Turns out, her book The Real Christ was now available for purchase through an actual publishing house and was on Amazon.com!

The price is steep- close to $50, but it was a worthy purchase.

Well, I obtained the book after a few days, and let me tell you, this is the most hardcore thing Bernadette has written yet.

In some ways, I think it would take a stronger background in reading the Church Fathers to grasp what she’s saying.  But the most important thing to note is that Bernadette is speaking from her experience- her direct, mystical journey. EVERYTHING she says is in that context.

I found a forum where people were pretty keen on bashing her due to their clinging to old dogmas and doctrines and criticizing Bernadette for putting her authority of experience over the authority of the Church. Well, what do you expect? Do I go with what’s actually happening to me, or do I adhere to believing what a bunch of people who didn’t have the experience tried to formulate through sheer reasoning with virtually nothing to back it up?

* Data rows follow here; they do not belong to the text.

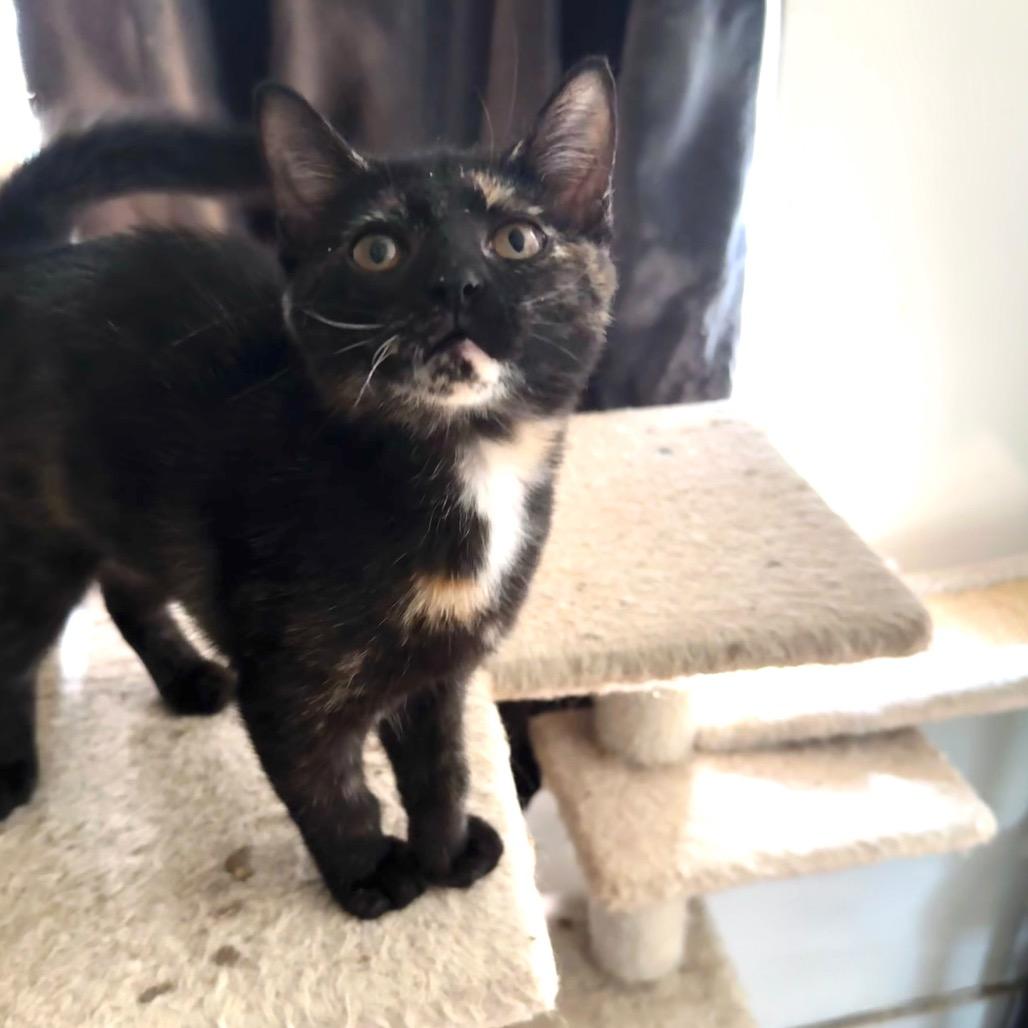 Enlarge Rain, a Adoptable Domestic Short Hair in Miami, FL image 2/6
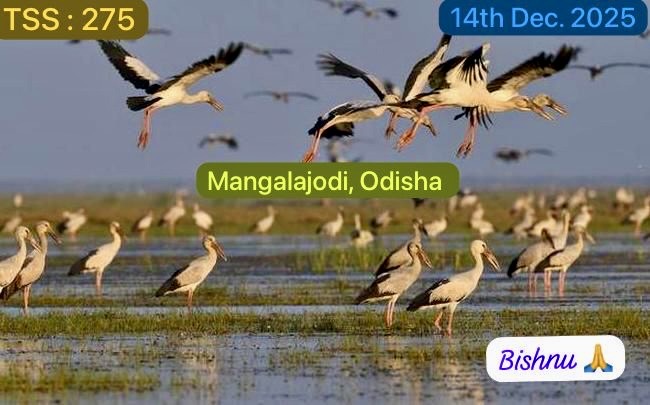 Bishnu  C Parida tweet media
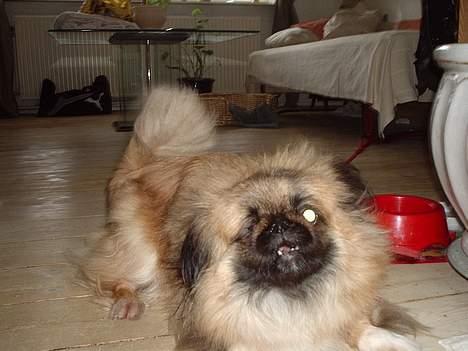 Pekingeser Mille >> Fars Trunte<< billede 6
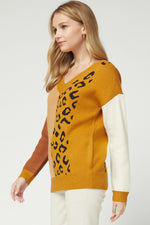 Load image into Gallery viewer, Color Block V-neck Sweater
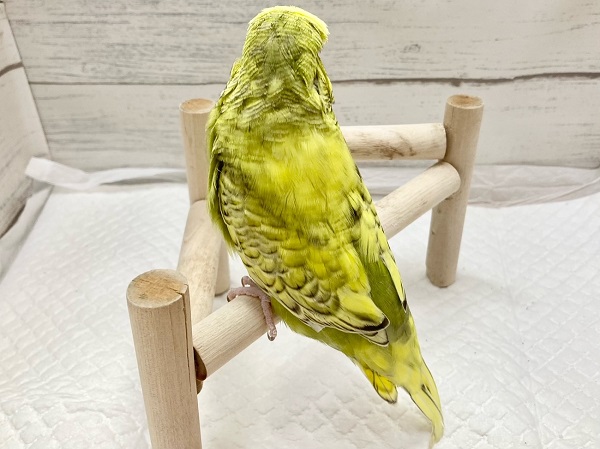 ジャンボセキセイインコ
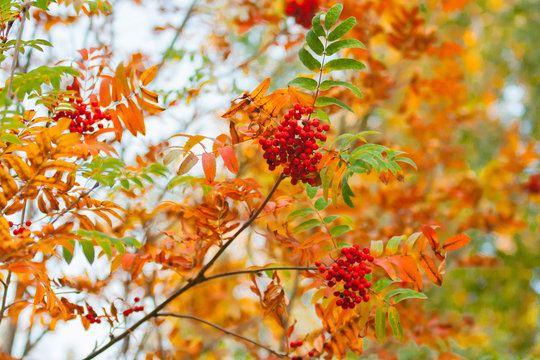 Red ripe berries and rowan orange leaves &ndash; beautiful autumn magnified view of a tree branches on a blurred green background with bokeh effect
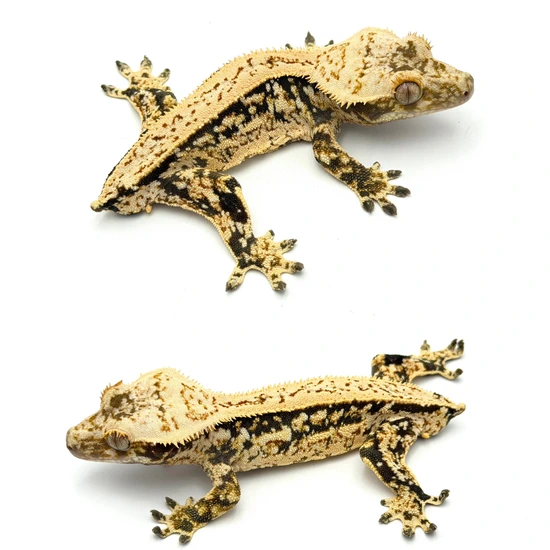 Drippy Extreme Harlequin Pinstripe - Crested Gecko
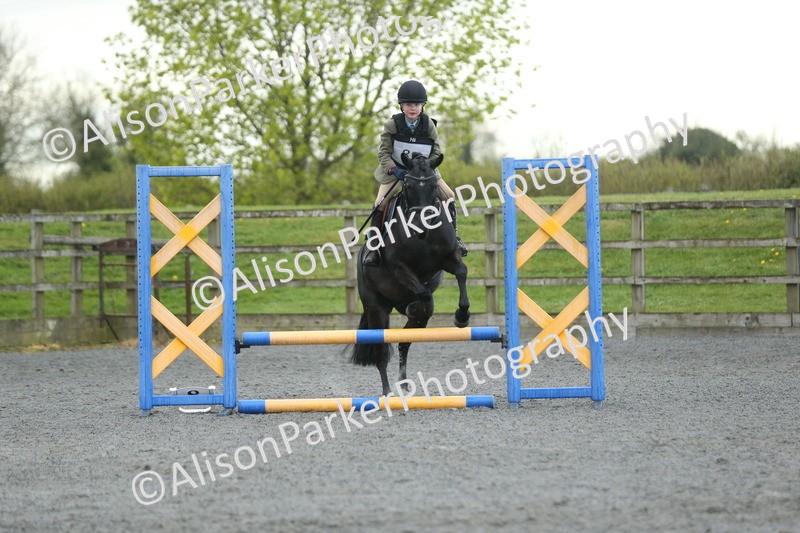 20260412-1894 - Show Jumping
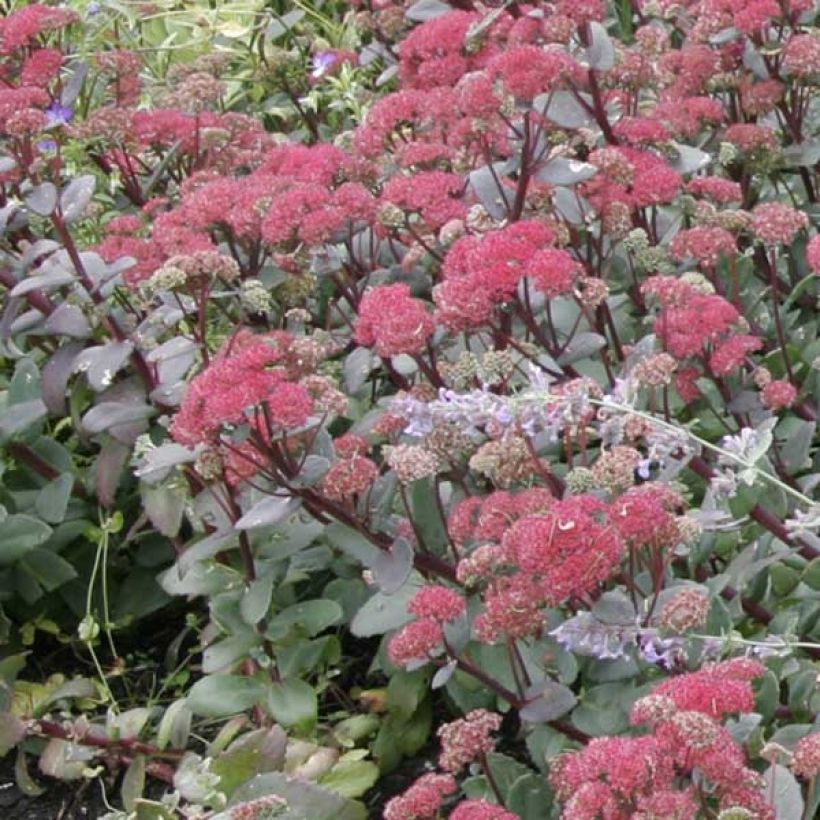 Fetthenne Red Cauli - Sedum (Wuchs)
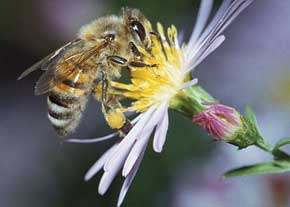روش ساخت کندو و پرورش زنبور عسل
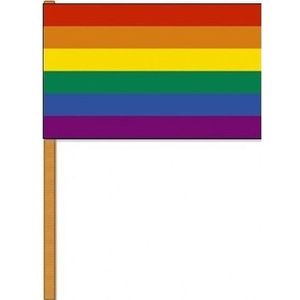 1x Regenboog zwaaivlaggetje/handvlaggetje 30 x 45 cm met houten stok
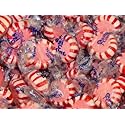 Quality Candy Spi-C-Mints Candy - 2 Lb Bag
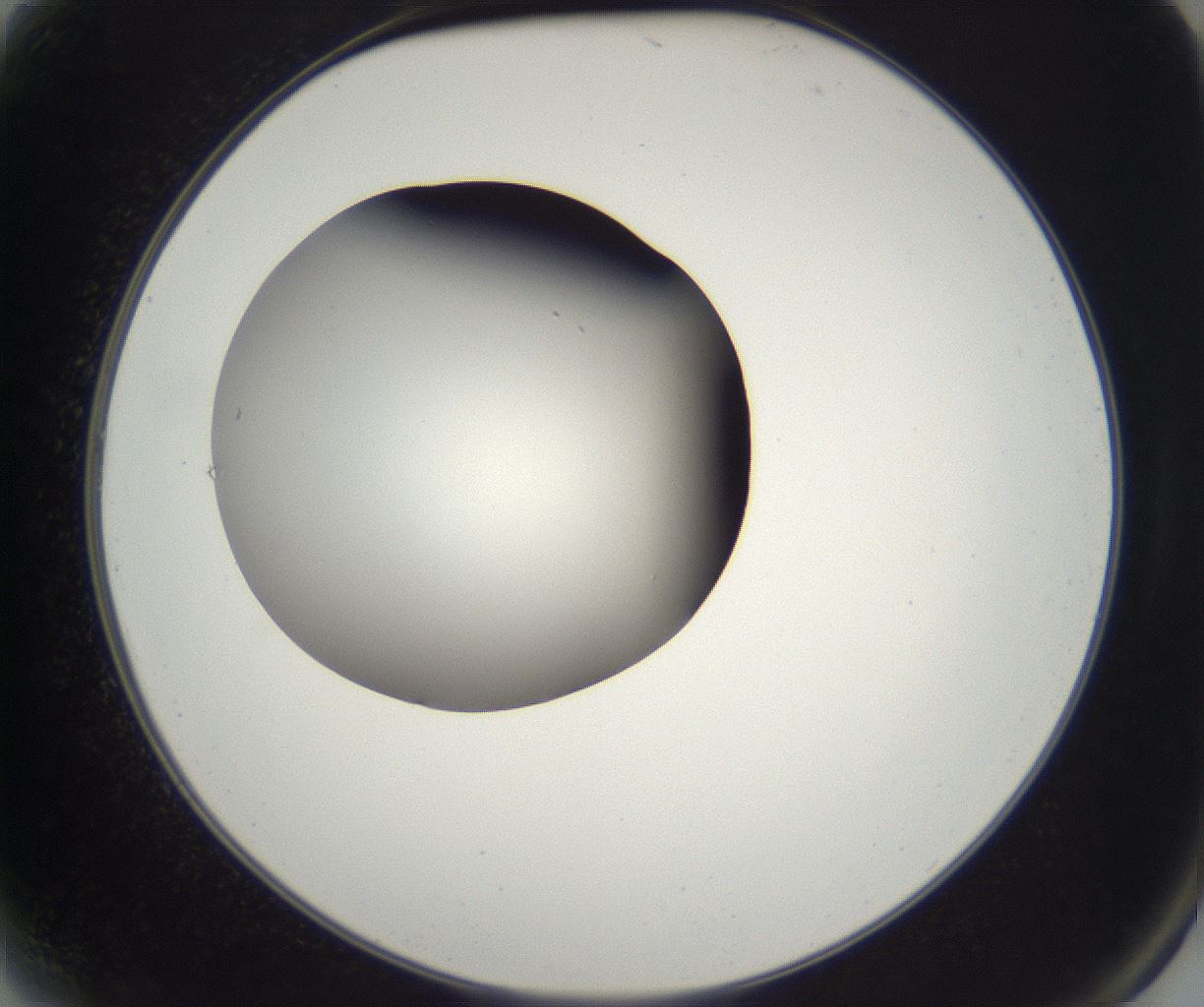 folderID229_plateID2229_batchID10100_wellNum2_profileID1_d2_r154078_ef.jpg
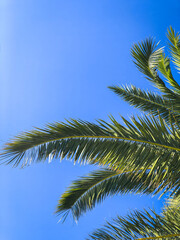 A palm tree with blue sky, bottom view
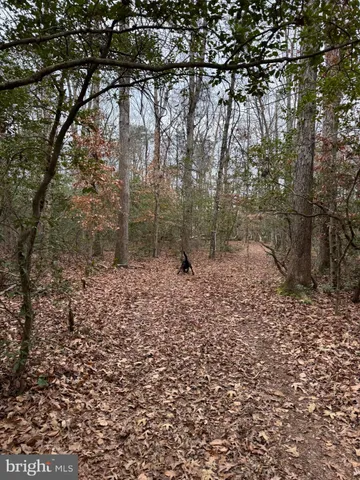 a view of a forest with trees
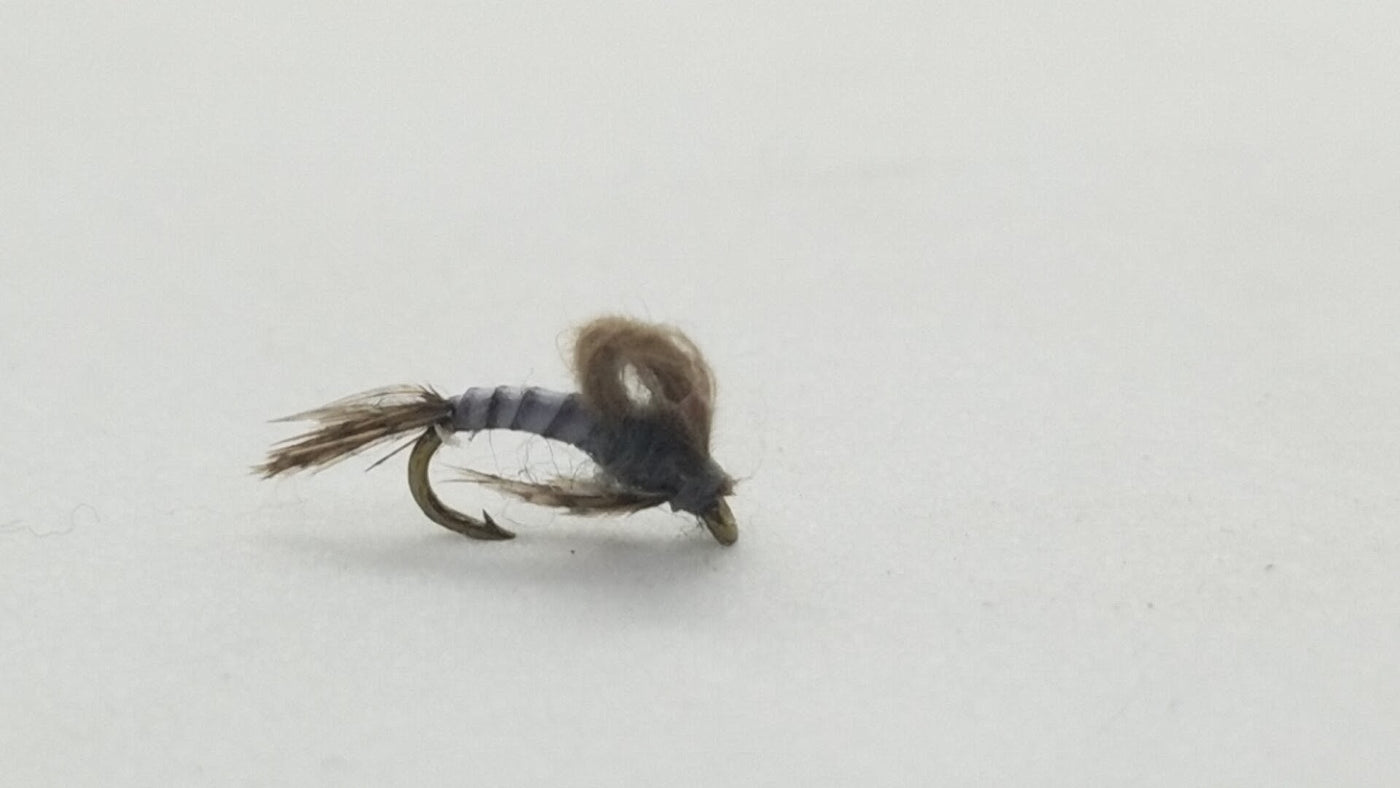 CDC Loop Wing BWO Gray Size 20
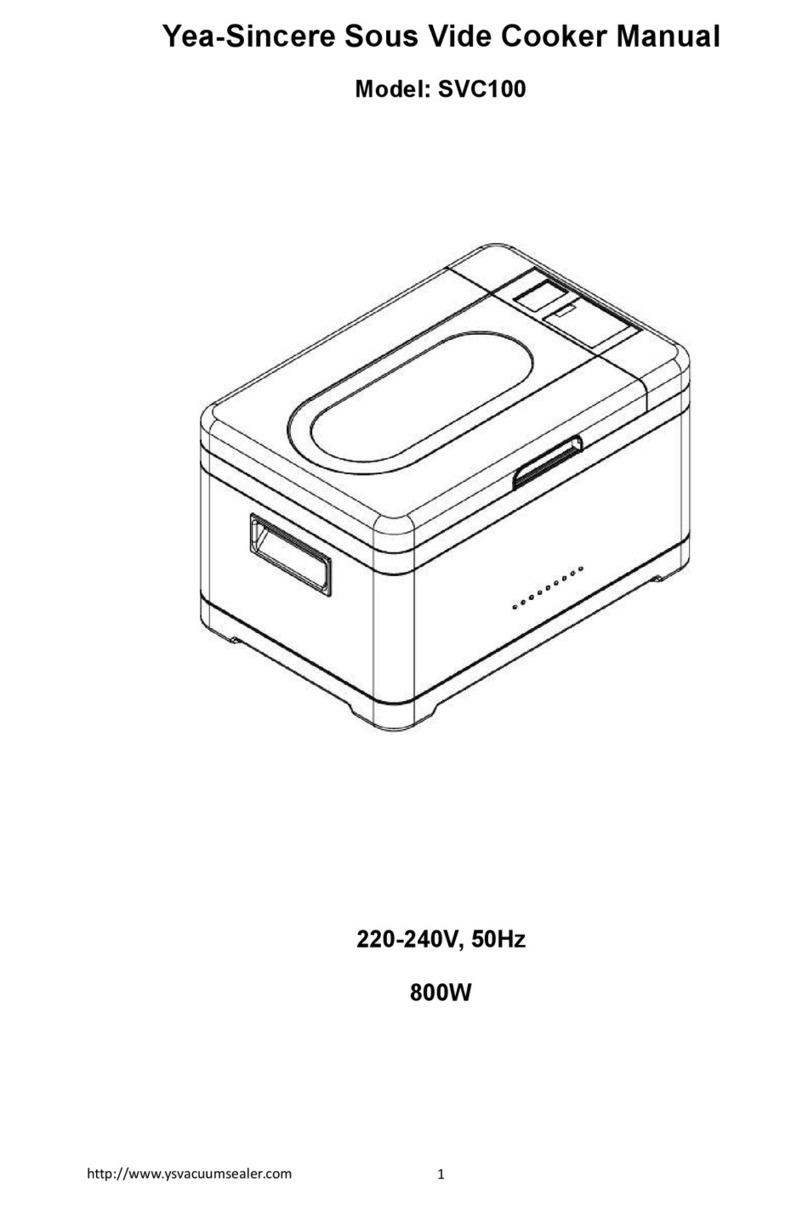 Yeasincere SVC100 manual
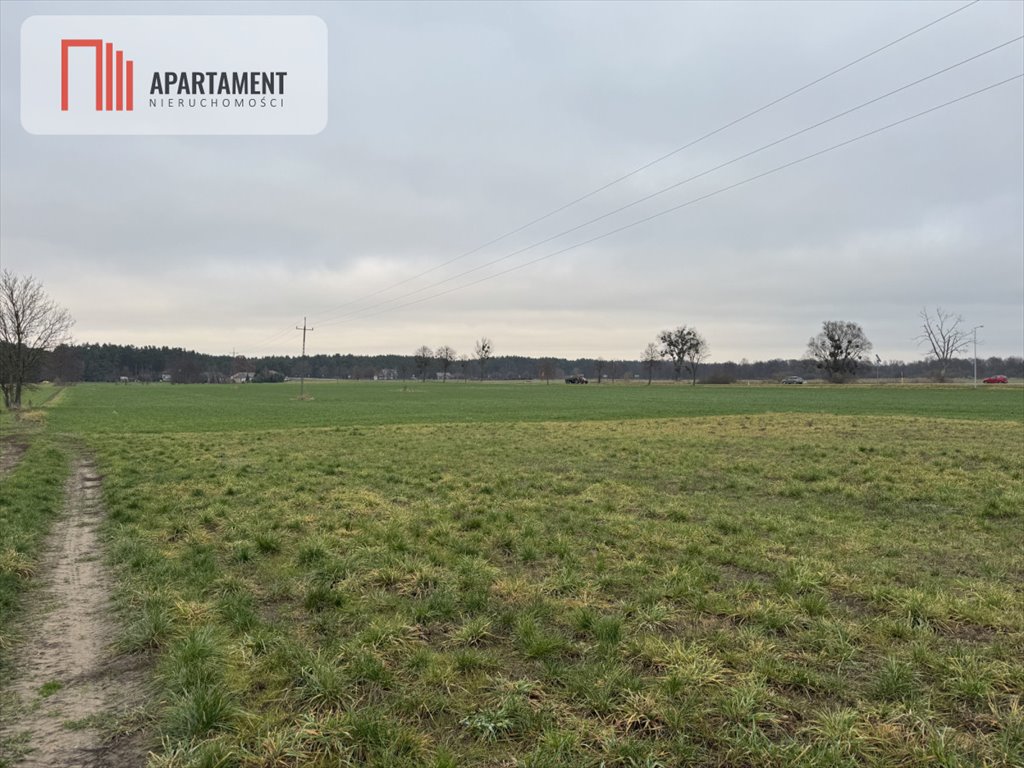 Działka inwestycyjna 48 923 m² przy S5 – elastyczne plany Kowalewo  48 923m2 Foto 1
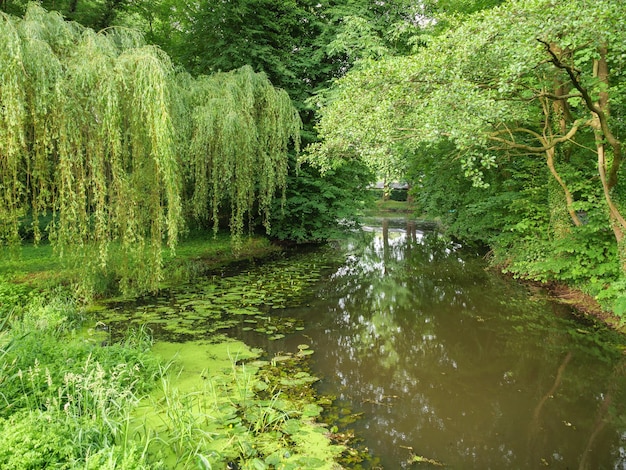 watermill and a river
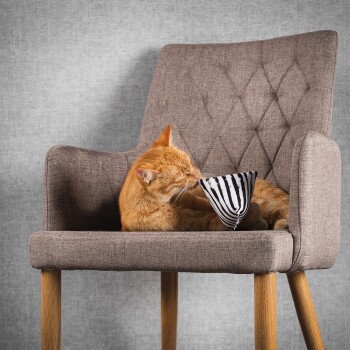 Eine orangefarbene Katze, die auf einem modernen grauen gepolsterten Stuhl ruht und spielerisch mit einer schwarz-weiß gestreiften Schüssel interagiert.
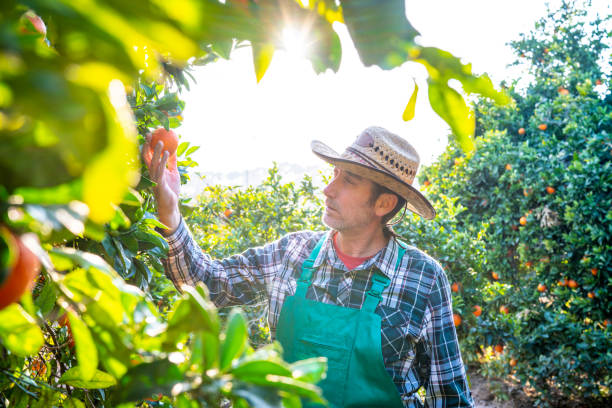 istock Agriculture farmer checking orange tree fruits 1174961882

The two can go together- Father Troy Pierce once said that our gnosis can be verified through epistemis. And that seems largely to be what Bernadette has done- she’s made her journey, and she’s verified it through research into the Church’s teachings and writings.

The most bizarre thing about that forum is how so many of them hadn’t read the book, and how Bernadette had answered almost all their complaints.

The experience I’ve had as a Gnostic is this: most people are more willing to cling to the superficial narrative and imagery rather to understand those as symbolic of something deeper and more profound.

Moreover, Bernadette has a central point of saying that Christianity is about the Living God, the Living Experience of God (my phrasing, not hers), and it isn’t about the Dead Letter of the Bible. She speaks of how Catholics derive their authority from the Holy Eucharist, and how Protestants (generally speaking) do not- they’ve clung only to the Bible.

So, too, (most) Gnostics would claim that our authority and power is derived from and celebrated in the Holy Eucharist- that the Holy Eucharist is the experience of gnosis, albeit perhaps more like a glimpse rather than a complete and radical change.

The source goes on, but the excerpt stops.